Y sin embargo, ¿qué hace gran parte de la comunicación internacional? Mientras Israel, con las cicatrices aún abiertas del Holocausto y las persecuciones históricas al pueblo judío, busca defenderse, se le acusa, casi como moda, de “genocida”. Desde Naciones Unidas, hasta algunos gobiernos europeos y latinoamericanos, se exige a Israel un humanitarismo con los terroristas que se les niega a las víctimas. Peor aún, se insiste en otorgar estatus y credibilidad internacional a un grupo que debería ser tratado con la misma severidad que Al Quaeda o Estado Islámico.
El derecho internacional es claro: todo Estado tiene el derecho y el deber de defenderse de ataques terroristas. Israel no es la excepción, aunque algunos actúan como si lo fuera. Sorprende la ligereza con la que se exigen “ceses al fuego” unilaterales, sin que Hamás libere rehenes ni abandone su juramento explícito de destruir a Israel. Pretender equiparar a Israel con Hamás es una afrenta a las normas básicas sobre conflicto armado: un ejército regular que responde a agresiones terroristas no comparte la misma naturaleza que quienes convierten casas y guarderías en trincheras.

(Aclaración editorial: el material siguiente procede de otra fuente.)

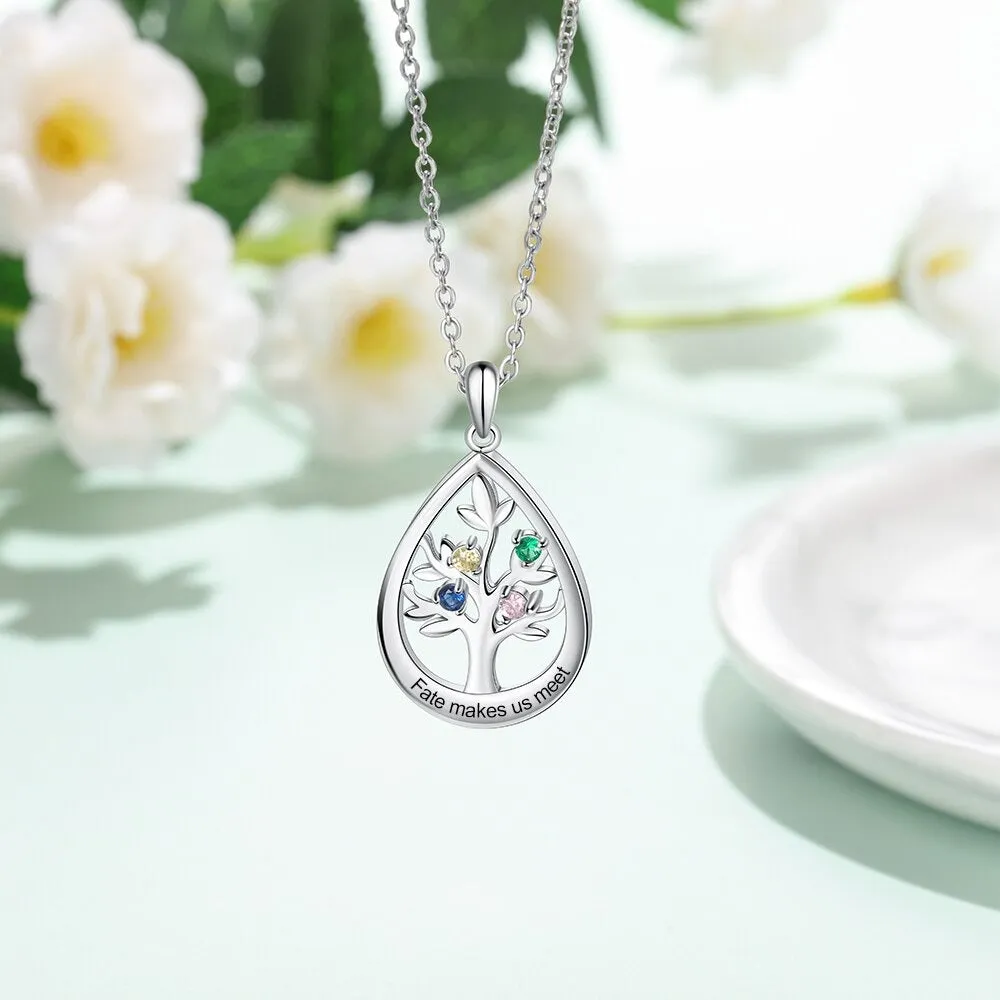 Personalized Tree of Life Necklace 4 Stones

El cinismo va más allá: mientras Irán financia a Hamás, Hezbolá o a los hutíes, proclamando, abiertamente, la aniquilación de Israel, en Occidente se aplican “paños tibios” contra ese régimen teocrático. Y en Catar, los líderes de Hamás disfrutan refugios dorados con el dinero robado a los gazatíes, desde donde algunos gobiernos no les incomoda brindarles alfombra roja en negociaciones, como si fueran estadistas y no como los criminales internacionales que realmente son.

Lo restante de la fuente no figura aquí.